Blue Water Fish - Secret #6 - Pricing

Striped Bass

The New York State Department of Environmental Conservation (DEC) was created on July 1, 1970. The DEC combines all New York State programs designed to protect and enhance the environment into a single agency. Governor Nelson Rockefeller created the DEC on the first Earth Day in 1970. One of their functions is to conserve and protect New York’s natural resources, which include various species of fish. In order not to let species become extinct, the DEC regulates how many fish can be caught. For example, local Long Island fishermen get a fixed number of tags for striped bass. Once those tags have been used up, they cannot get any more until the next season. Seafood markets on Long Island are subject to random inspections and have to keep the head of the fish with the DEC tag on it until all of the fillet is sold.

While these regulations help keep species from becoming extinct, they also make certain varieties of fish more scarce and therefore more expensive. Non-local fish is more plentiful, but much less desirable.

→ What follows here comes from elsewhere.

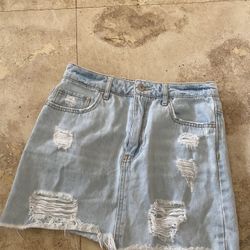 Mini Skirt Jean Distressed 
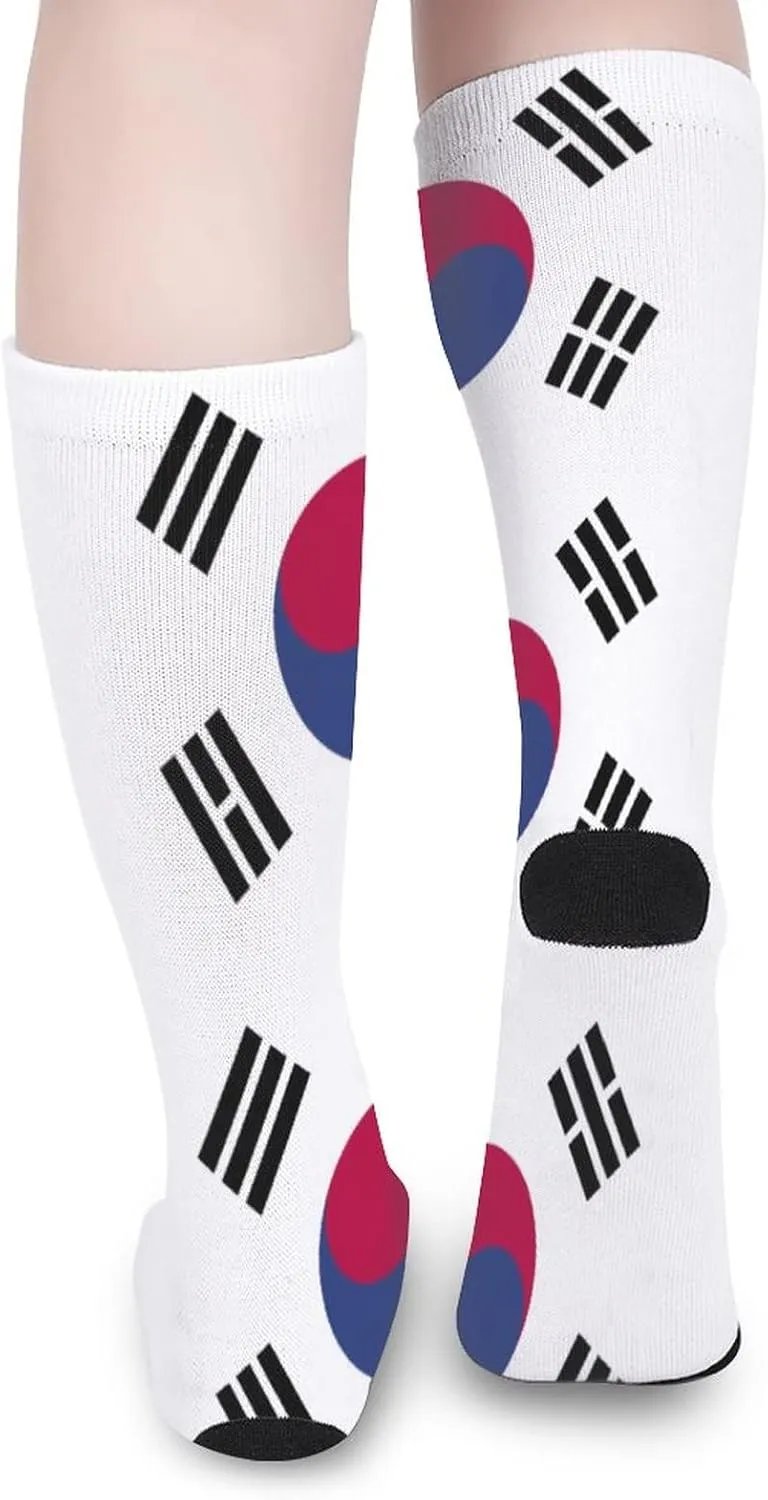 Sock Korean Flag Printed Long Casual Socks Fun Patterned Keep Warm Dress Socks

Fish markets purchase whole fish by weight. They buy the entire fish. Then they take off the head, clean and gut the fish.  What’s left is the fillet which is less than half of the whole fish. For example, a 30-inch striped bass weighs 12 pounds. It could sell for $8.00 to $10.00 per pound whole, which includes the head and bones. That translates into $96.00 to $120.00 for a single striped bass and yields about 4 pounds of fillet. A price tag of $24.00 to $30.00 per pound for the fillet would just allow the fish market to break even. That’s not a sustainable business model. It doesn’t even include the labor involved in transporting, cleaning, and gutting the fish. This is one reason prices for some varieties of fresh fish can seem so expensive.